Build it and they will come
Speak to Al Zaabi about Yas Island’s future and the conversation will quickly go from a picture of the Middle East’s equivalent of “Orlando and then some” to a Futurama-esque theme park, entertainment and conference destination that is not just near impossible to imagine but almost overwhelming in scale and ambition.
For instance, barely 100km away is Dubai, home to an array of theme parks, hotels and leisure attractions spread across the city, connected via a public transport system that features an automated metro system, public transport buses, and taxis. On Yas Island, Miral’s CEO intends to bring all that, and much, much more, to an island roughly 25 square kilometres wide.
Can the region handle so many theme parks? “It’s an interesting discussion, to be honest,” responds Al Zaabi, but he’s confident that there is room for more.
“You have to understand, that we are growing this organically,” he says, pointing to how there has been a gap between each time Ferrari World announces a new ride, or Yas unveils a new development. “All our businesses are profitable, and that has always been one of our most important priorities.”
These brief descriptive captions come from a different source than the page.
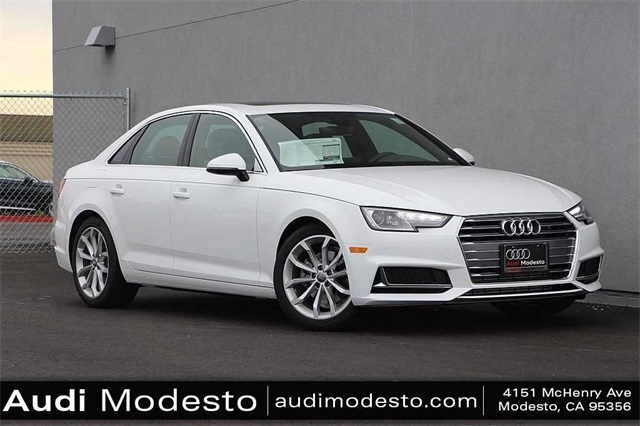 Audi 2.0 T >> New 2019 Audi A4 2 0t Premium 4d Sedan In Modesto Ka023513 Audi 2.0 T >> New 2019 Audi A4 2 0t Premium 4d Sedan In Modesto Ka023513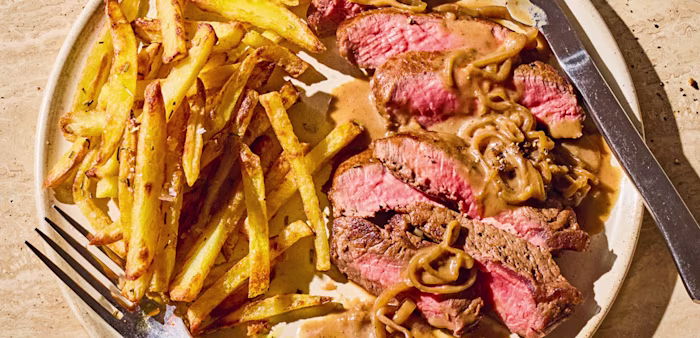 French-inspired recipes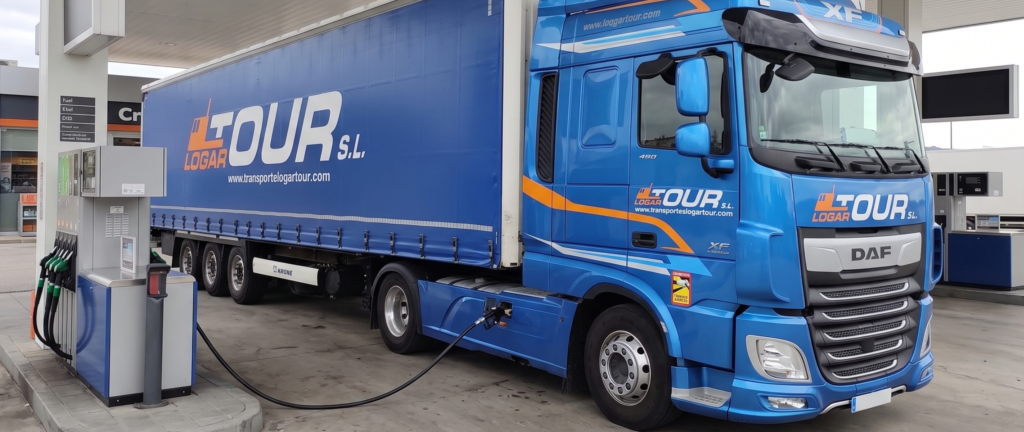 Indexación combustible transporte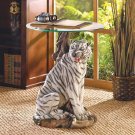 White tiger table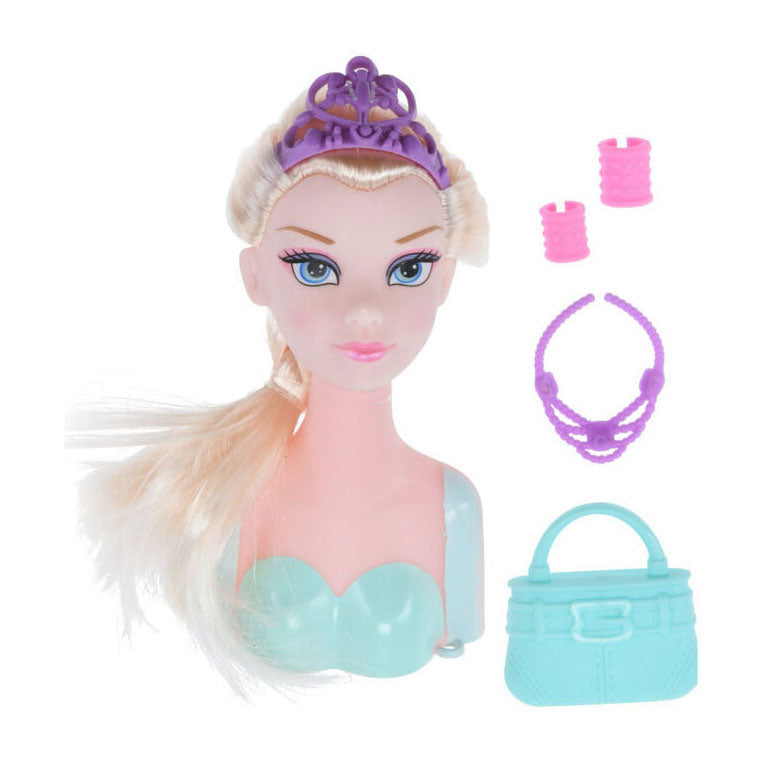 Format kappop with accessories, 15 cm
Location, location, location “What we are building in the UAE will become the entertainment and leisure hub for more than just the region,” he says. “Think about it: a four hour flight away you have billions of people living in that circle. How do we ensure that people from India, China and Russia come here? I think we can offer much more. And we can become even more attractive for them so that they stay even longer.”
Domestic visitors are always welcome, but the impression is that it’s the international visitors that are the prize. Fortunately, the UAE is an eight-hour flight away from two-thirds of the world’s population.
But if the region benefits from its proximity to more than half of humanity, Yas Island won the ultimate jackpot. It’s just a stone’s throw away from Abu Dhabi Airport (AUH) and so perfectly positioned between the upcoming Midfield Terminal and Dubai World Central, which will soon begin vying for the title of world’s biggest airport.
“Nights spent in Abu Dhabi went from four million in 2012 to 12 million last year, showing how Abu Dhabi has evolved,” says Al Zaabi, adding that traffic at AUH is growing at more than 13 percent per year. “The new airport should help build that even further, and Yas, with more facilities, will attract even more tourists,” he says.
Yas is also a short highway drive away from the Dubai Expo 2020 site, and sure to seduce visitors to the island on business away from work.
“We’re super excited and looking forward to Expo 2020,” Al Zaabi says. “The barriers between business and leisure are disappearing. We want people to come to enjoy the conferences, then in the evening have fun at Ferrari World. And that’s what’s happening.”
Outside the region, the world worries about a soft global economy and how it could affect plans for development and progress. But Al Zaabi isn’t concerned. “Abu Dhabi has evolved,” he says.
“This is diversifying our economy. What I see is a lot of people spending time on the island and the UAE in general, which is obviously great for the economy,” he says. “That’s what I see.”